Task statement — When copying the records below, omit any image and print everything else exactly.

Data to use —
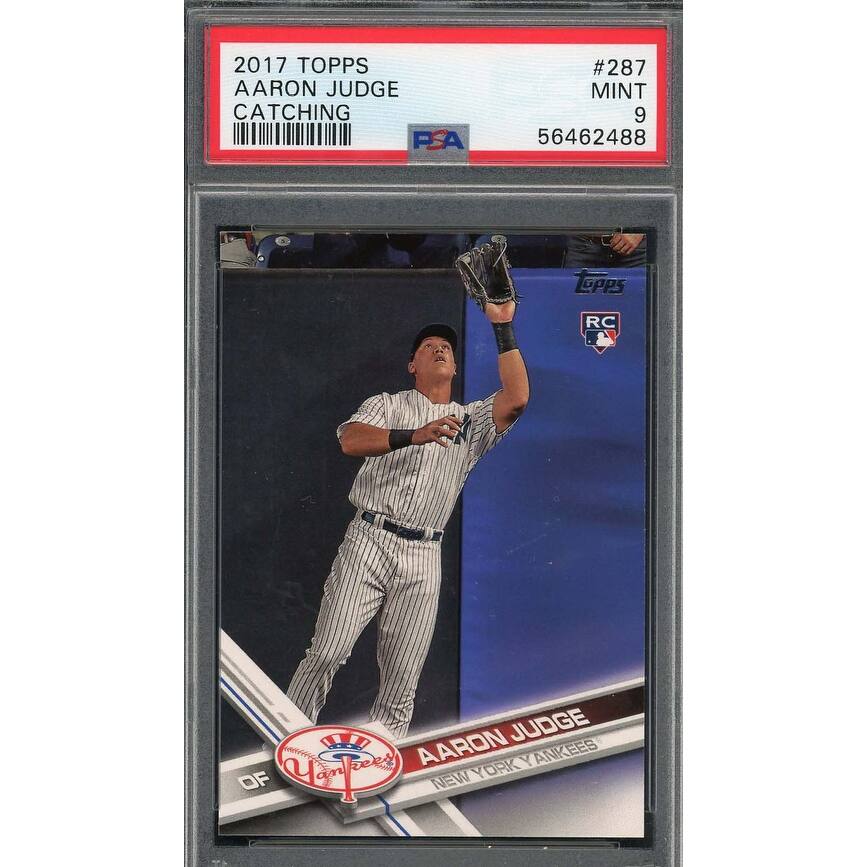 Aaron Judge 2017 Topps Catching Baseball Rookie Card RC #287 Graded PSA 9 - 8'6" x 11'6"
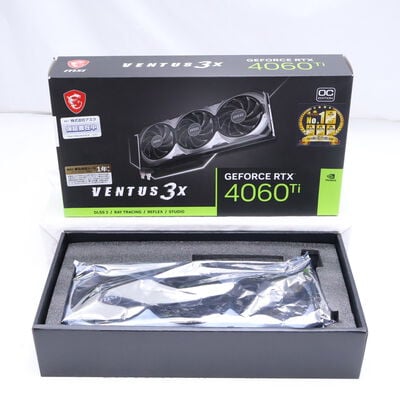 【通販センター】中古  MSI GeForce RTX 4060 Ti VENTUS 3X 8G OC?(RTX4060Ti 8GB) 158558 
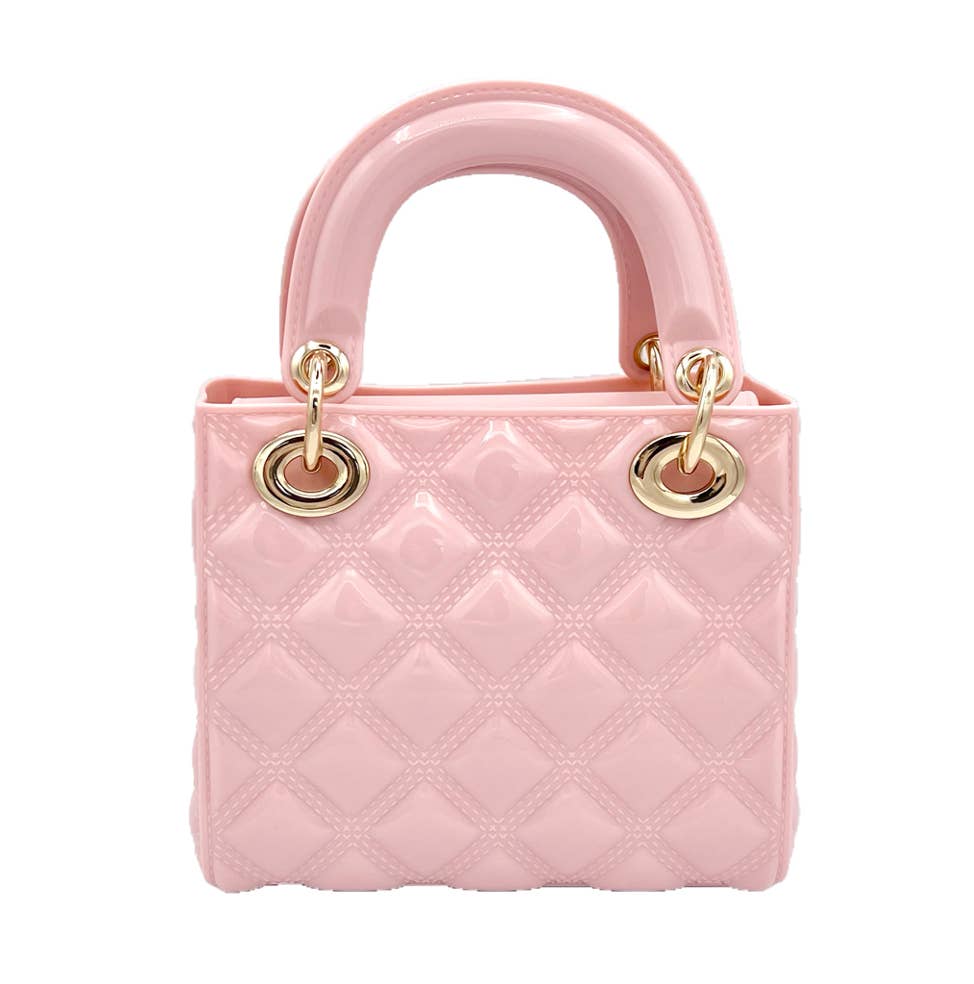 Pearl Ballet Pink Quilted Purse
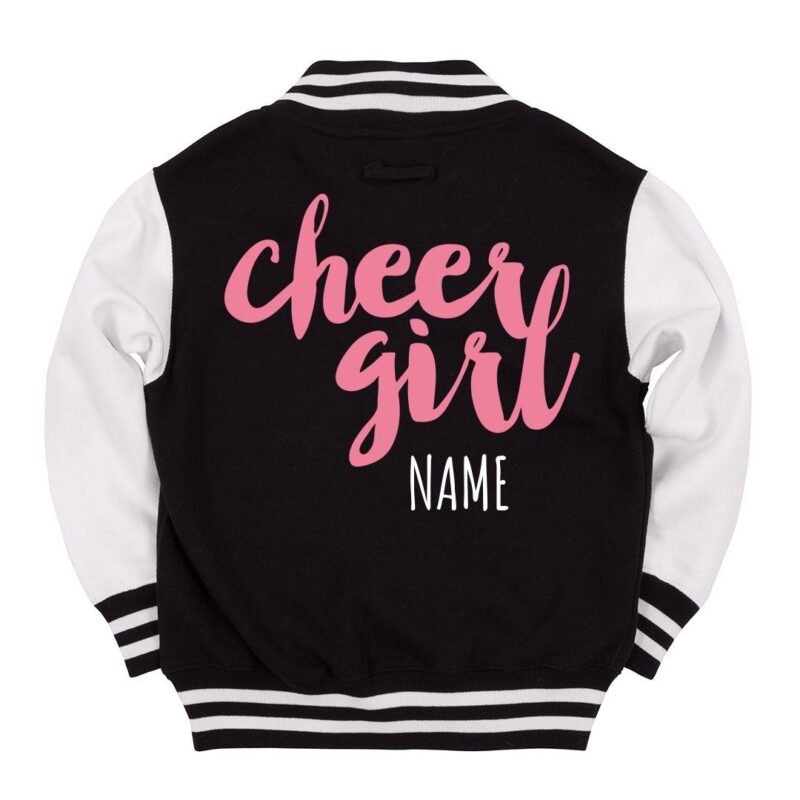 Kids Custom Cheerleader Letterman Jacket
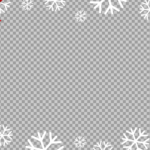 Customizable Png Christmas Frames For Photos, Videos, And Collages Within Christmas Picture Frame Template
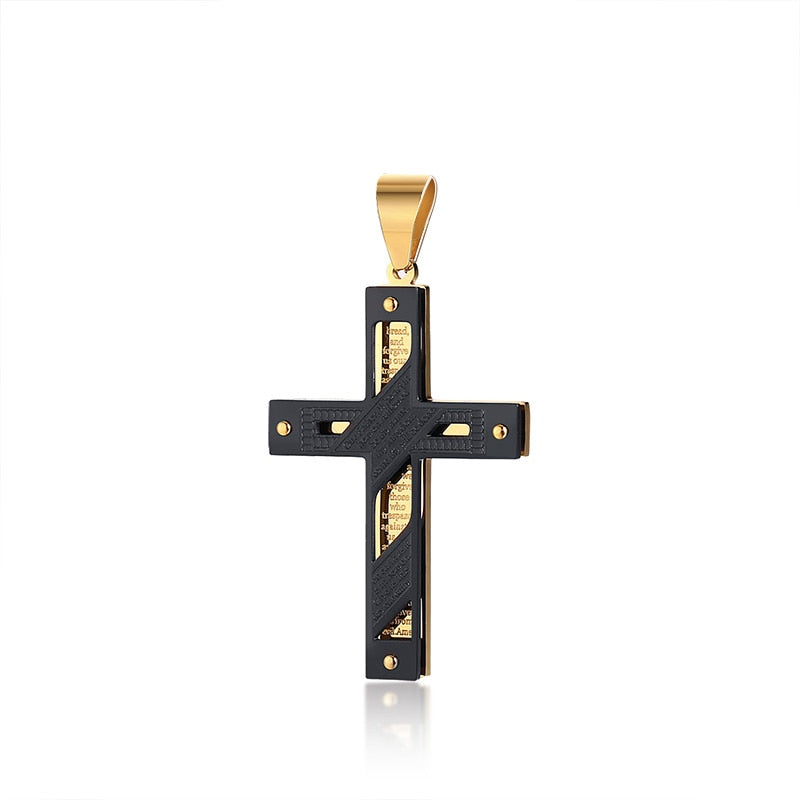 Colar Bizantino Cruz Meaeguet // Crucifixo Masculino Aço Inoxidável 24" // Colares Masculinos com Corrente Bizantina // Lindos Pingentes c/ Correntes Bizantinas!!!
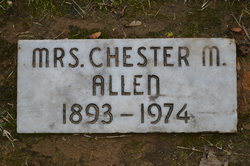 Mary Chester <I>Morgan</I> Allen 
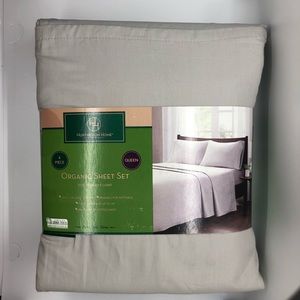 Organic Cotton Queen size sheet set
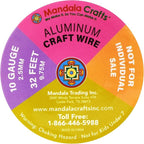 Mandala Crafts 10 Gauge Anodized Aluminum Craft Wire for Jewelry Making - 120 FT Colored Flexible Silver Combo Wire - Bendable for Bonsai Armature Crafting Sculpting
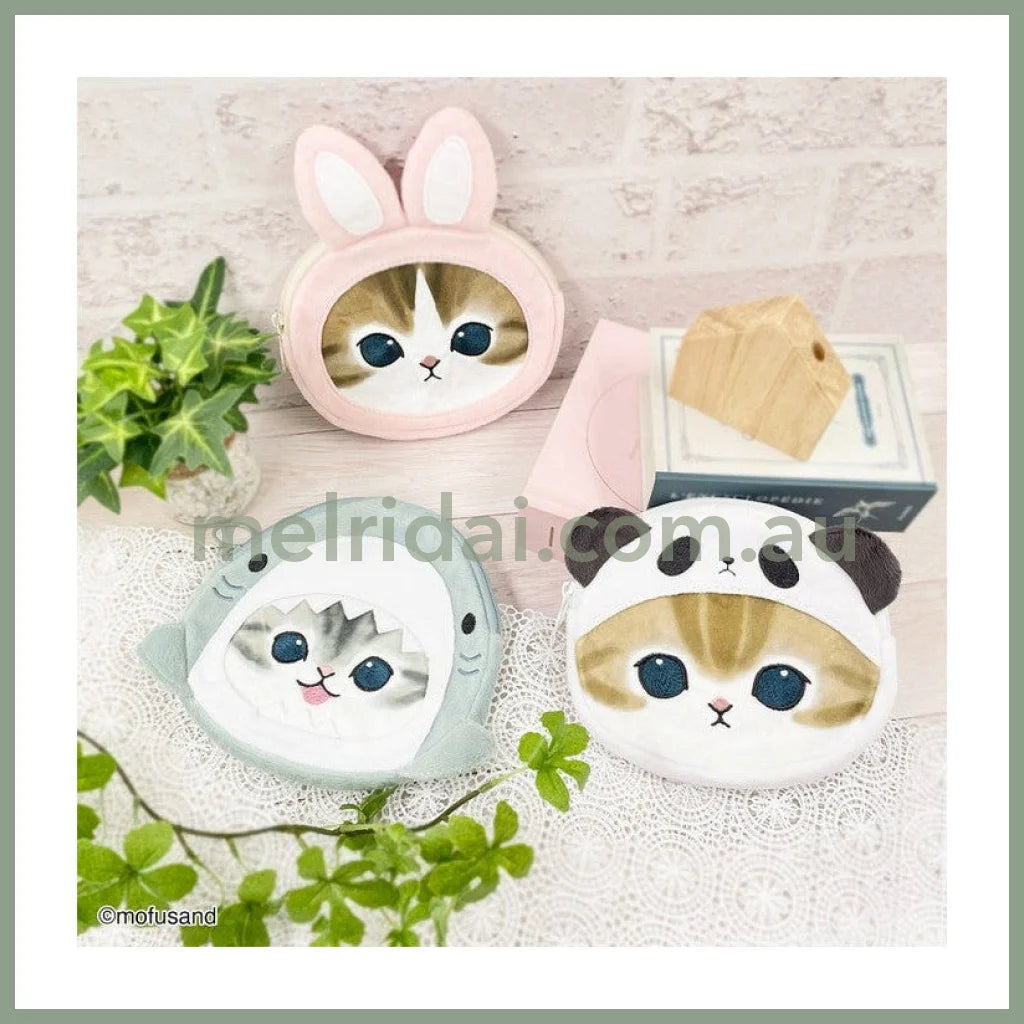 MOFUSAND | Rabbit Tissue Pouch with Zipper Nyan W140 x H160 x D10 mm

Your response —
 Aaron Judge 2017 Topps Catching Baseball Rookie Card RC #287 Graded PSA 9 - 8'6" x 11'6"
 【通販センター】中古  MSI GeForce RTX 4060 Ti VENTUS 3X 8G OC?(RTX4060Ti 8GB) 158558 
 Pearl Ballet Pink Quilted Purse
 Kids Custom Cheerleader Letterman Jacket
 Customizable Png Christmas Frames For Photos, Videos, And Collages Within Christmas Picture Frame Template
 Colar Bizantino Cruz Meaeguet // Crucifixo Masculino Aço Inoxidável 24" // Colares Masculinos com Corrente Bizantina // Lindos Pingentes c/ Correntes Bizantinas!!!
 Mary Chester <I>Morgan</I> Allen 
 Organic Cotton Queen size sheet set
 Mandala Crafts 10 Gauge Anodized Aluminum Craft Wire for Jewelry Making - 120 FT Colored Flexible Silver Combo Wire - Bendable for Bonsai Armature Crafting Sculpting
 MOFUSAND | Rabbit Tissue Pouch with Zipper Nyan W140 x H160 x D10 mm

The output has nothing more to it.